32-34 Rue des Rosiers
+33 01 48 87 63 60
This lively Israeli street food restaurant feels a bit like a party especially in summer when people waiting for to-go orders, or a table, spill out onto the street. It’s very casual. You order at the counter, but the food—a whole head of roasted cauliflower, sweet potatoes blistered in the oven and a delicious boeuf bourguignon pita with carrots and mustard is some of my favorite in Paris.
22 Rue des Ecouffes
+33 01 42 74 83 58
American Vintage is my favorite place in Paris for basics like soft t-shirts, tank tops and high waisted shorts. Don’t let the name fool you. American Vintage is a French company and the clothes are made in Portugal. There are locations throughout Paris, including two in the Marais, one of Rue des Francs Bourgeois and one of Rue Vieille du Temple. The Rue Vieille du Temple is the slightly larger of the two.
113 Rue Vieille du Temple
+33 01 42 74 80 87
If you want the cool girl French look just go here. It’s a bit pricey but if you can catch it during the Soldes, the sales that happen in France in winter and early summer, it’s a bargain.
47 Rue de Saintonge
+33 01 42 78 19 24
Salted caramel, yuzu, and pistachio strawberry are just a few of the éclair flavors you’ll find at this creative patisserie in the Marais. There are L’Éclair de Genie’s throughout Paris, but this is the original.
14 Rue Pavée
+33 01 42 77 85 11
This luxury boutique hotel has a prime position just beyond the covered arcades of Place des Vosges. The discreet location makes it feel like a secret. It has a small sign and a glass door that then leads you to a tranquil private courtyard and the entrance to the hotel. Guestrooms are all unique and some offer wood beam ceilings. Le Pavilion de la Reine has a small spa and is known for having one of the most knowledgeable concierge’s in the city. From $380 a night.
28 Place des Vosges
+33 01 40 29 19 19
Also in the Upper Marais, Hotel Jules and Jim offers a much more contemporary ambience.

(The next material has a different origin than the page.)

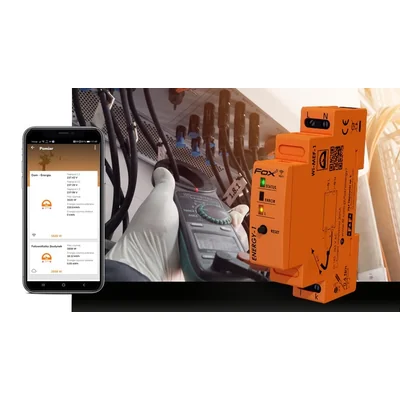 JEDNOFÁZOVÝ ELEKTRICKÝ HLÍNAČ, WI-FI, FOX ENERGY 1, WI-MEF-1 40A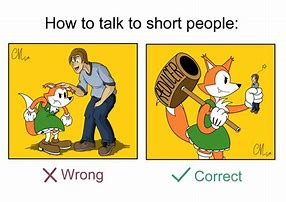 Image result for Mad Short Person Meme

That’s because, while the frame of the 18thcentury building remains, everything else is new construction. Guestrooms feature wooden bedframes, tile showers and crisp white sheets. There’s a nice surprise within the hotel, a courtyard with a vertical garden and an adjacent bar serving specialty cocktails and Veuve Clicquot Champagne. From $179 a night.
11 Rue des Gravilliers
+33 01 44 54 13 13
This lovely locally owned hotel is just a stone’s throw from Place des Vosges. Rooms are small, but tidy with modern furnishings. They also serve a nice breakfast. From $130 a night.
12 Rue de Birague
+33 01 42 72 02 64
Au Petit Fer à Cheval
The pretty bistro tables outside this picturesque wine bar on rue Vieille de Temple are nearly always occupied. Inside you’ll find a pretty horse-shoe shaped bar and a small dining room in back. Go for a coffee or for a glass of wine like a mineral Sancerre. The owners also own the wine shop across the street.